(Image-text web data)

[Start of Attachment]

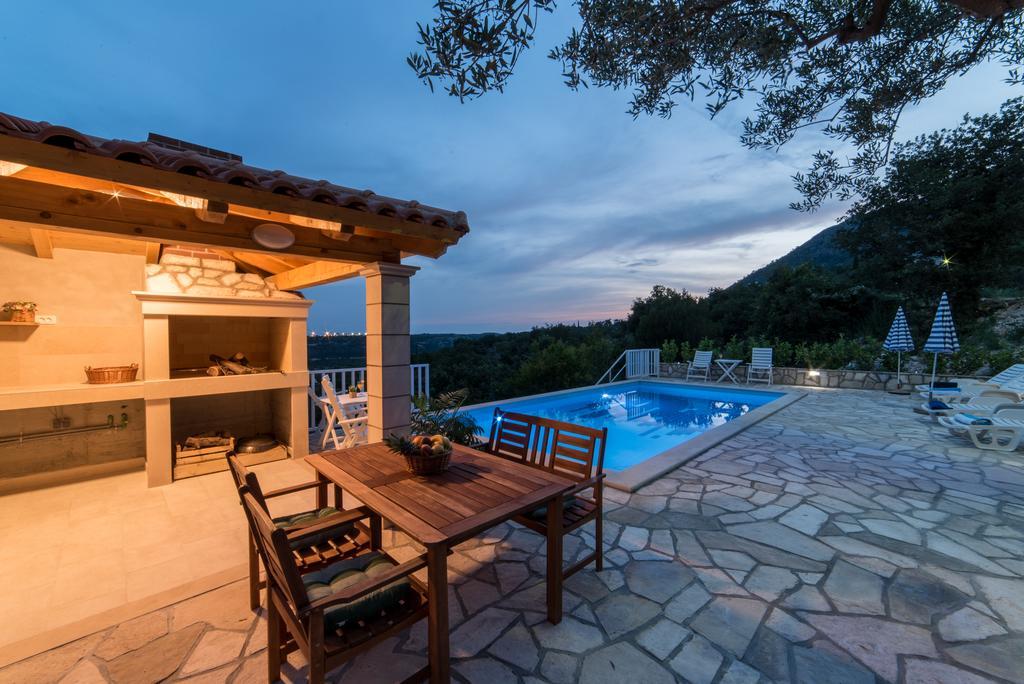 Olive Garden Apartments Čilipi Dış mekan fotoğraf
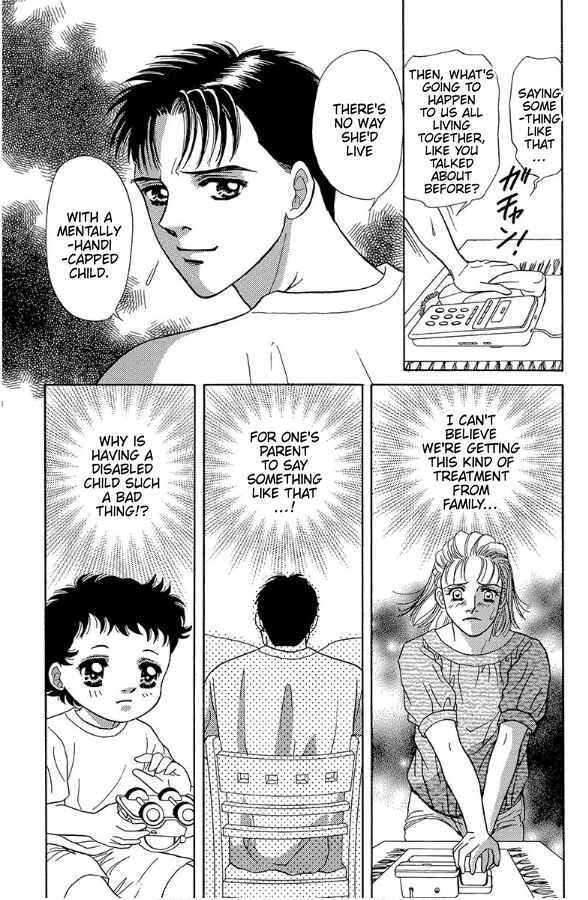 Page 22 Chapter 6 Barefoot Angel
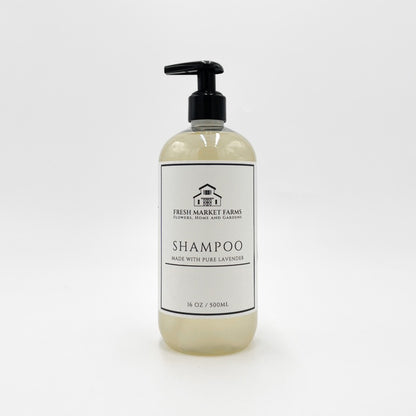 Lavender Shampoo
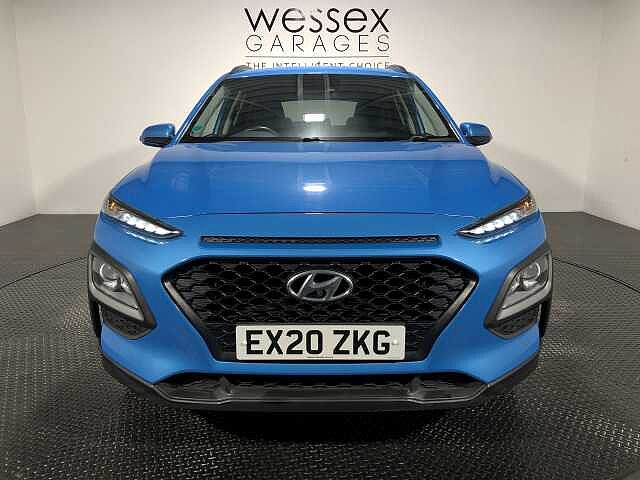 Hyundai KONA Play T-Gdi Blue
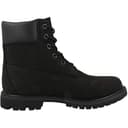 Timberland 6 in Premium Waterproof (Wide Fit) - Stivali Classici Donna, Nero (Black Waterbuck), 38 EU - 4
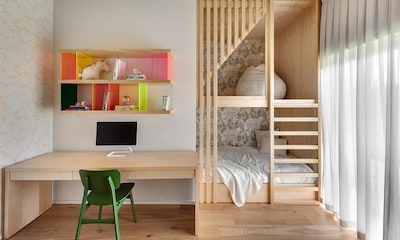 ¿Quieres montar un escritorio 'de mayor' en su cuarto? Evita estos errores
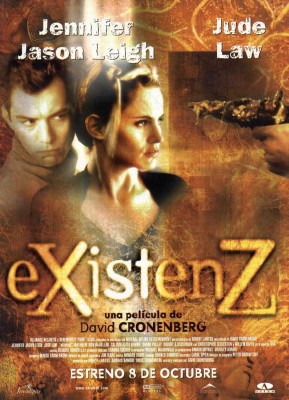 FilmplakatA eXistenzZ-Poster.jpg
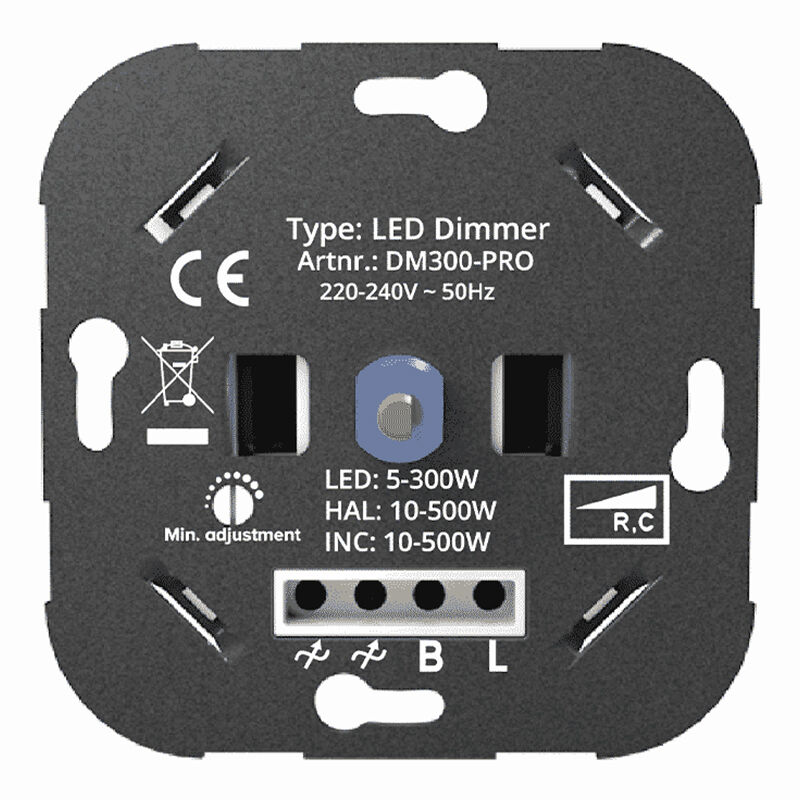 Variateur LED - 5-300W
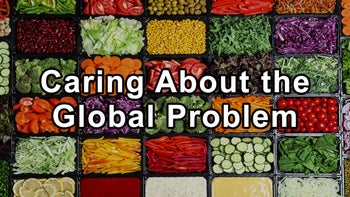Do I Really Need To Care About the Global Problem of Soil Degradation and Top Soil Erosion, and Its Effects on Food Production Capacity? - David Montgomery and Anne Biklé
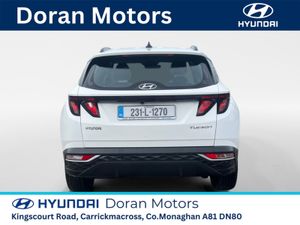 Hyundai Tucson IX35 EXECUTIVE COMMERCIAL - Image 4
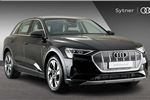 2020 Audi e-tron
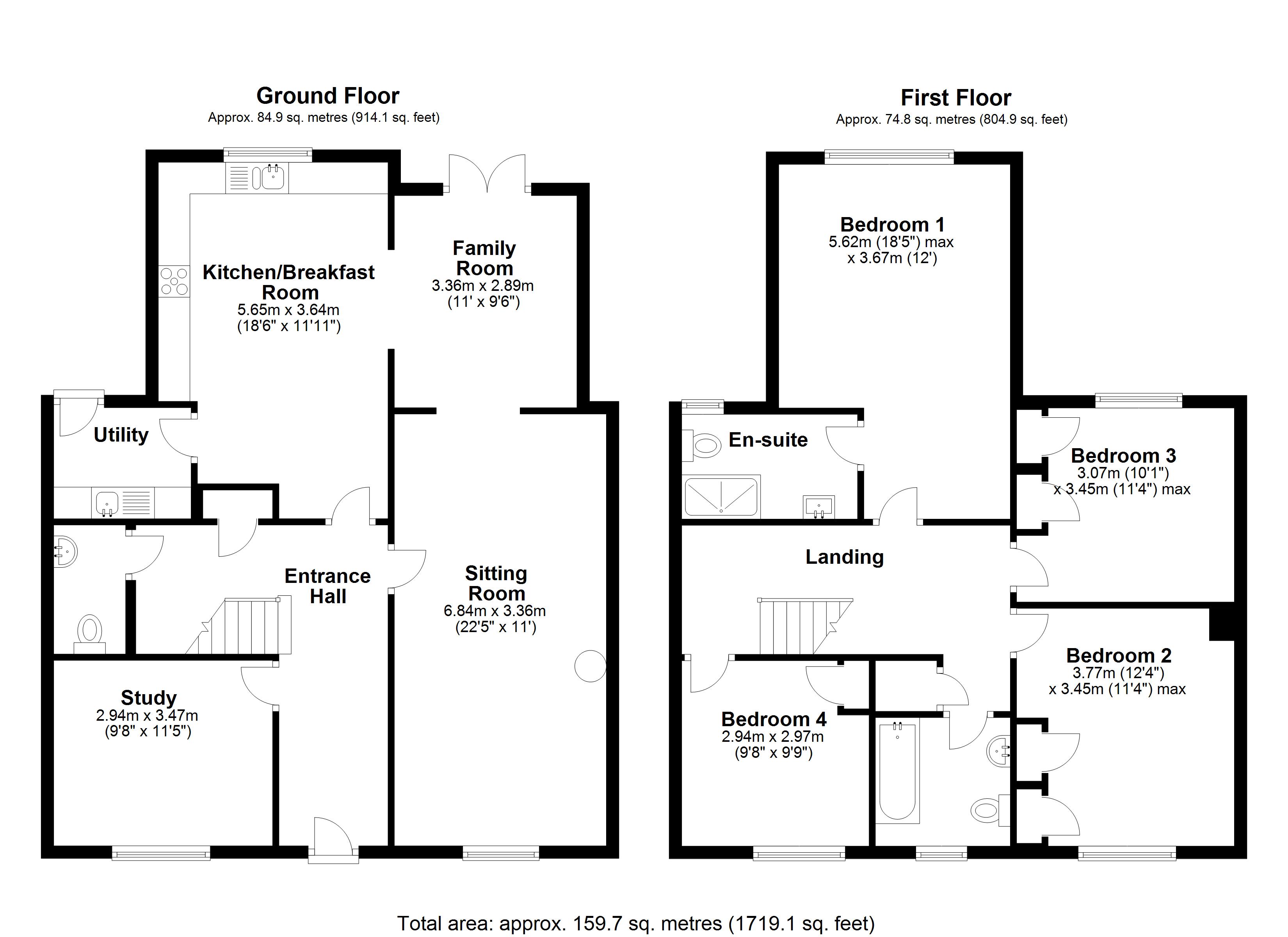 Kiln Lane, Redlynch, Salisbury SP5, 4 bedroom country house for sale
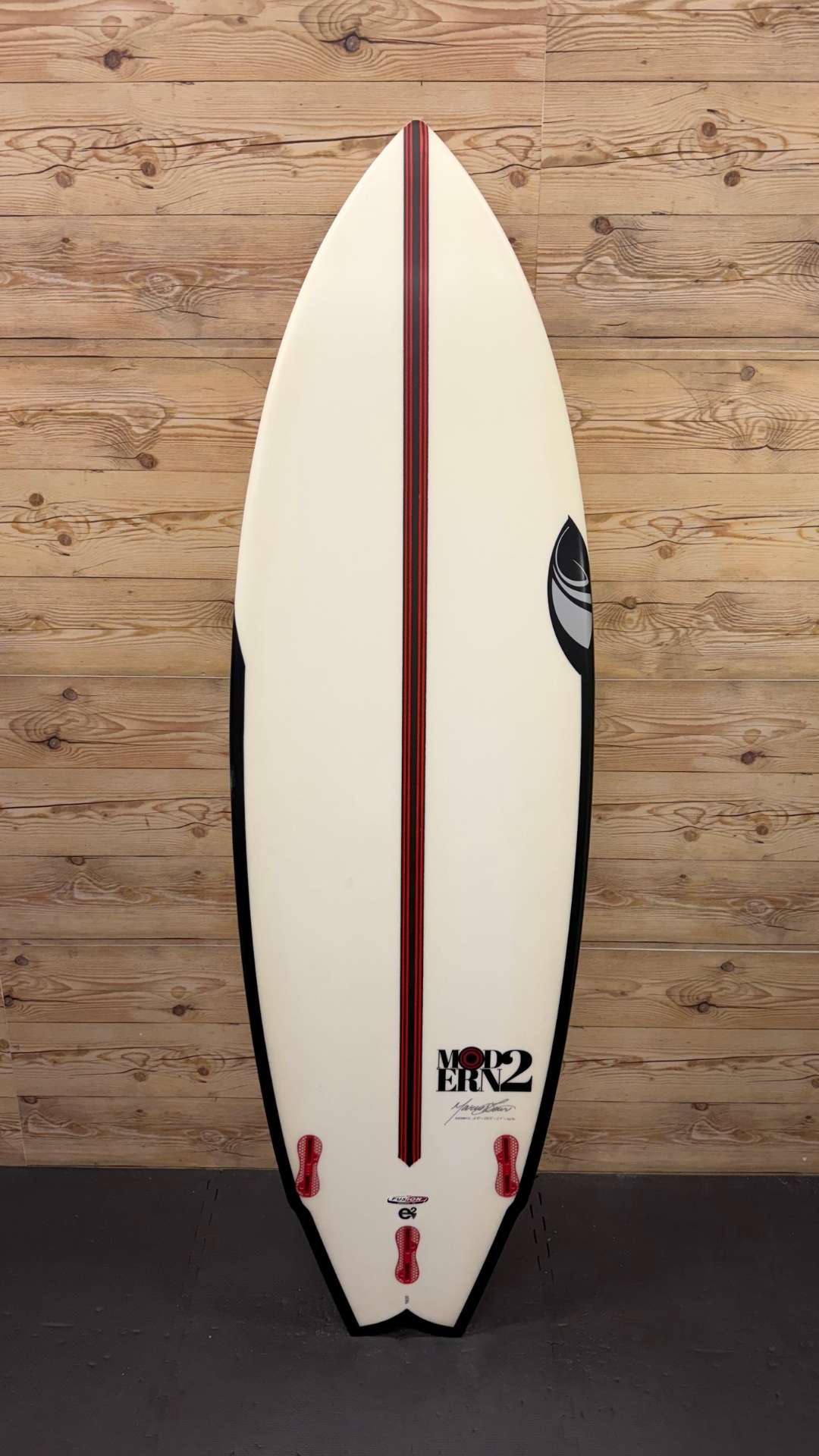Modern 2 6'0"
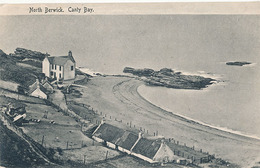 NORTH BERWICK - CANTY BAY - East Lothian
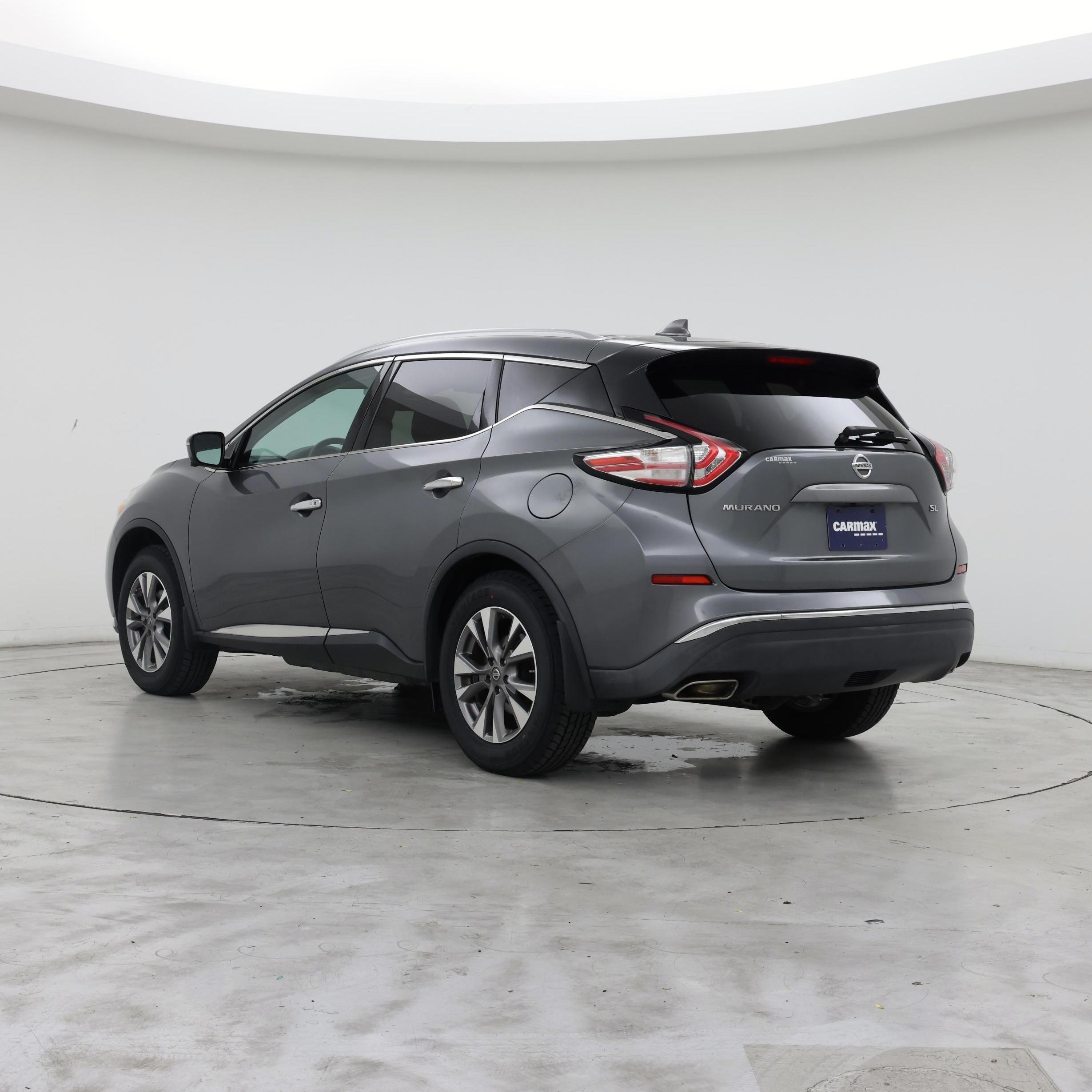 Thumbnail: 2017 Nissan Murano - 2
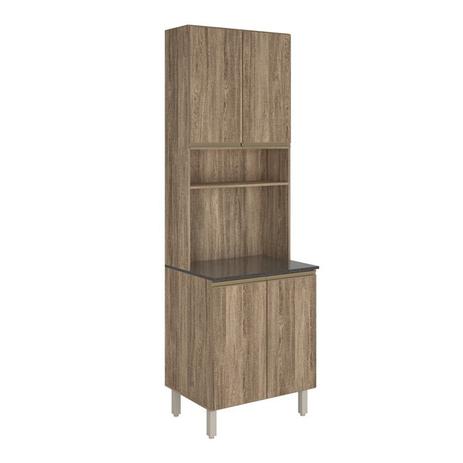 Paneleiro Duplo 72 CM 100 MDF Kali Premium 3097.21 Carvalho Rustico Nicioli é boa?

[End of Attachment]

Please transcribe exactly the line containing "2020 Audi e-tron" and every later line through the end of the records above, omitting pictures.

 2020 Audi e-tron
 Kiln Lane, Redlynch, Salisbury SP5, 4 bedroom country house for sale
Modern 2 6'0"
 NORTH BERWICK - CANTY BAY - East Lothian
 Thumbnail: 2017 Nissan Murano - 2
 Paneleiro Duplo 72 CM 100 MDF Kali Premium 3097.21 Carvalho Rustico Nicioli é boa?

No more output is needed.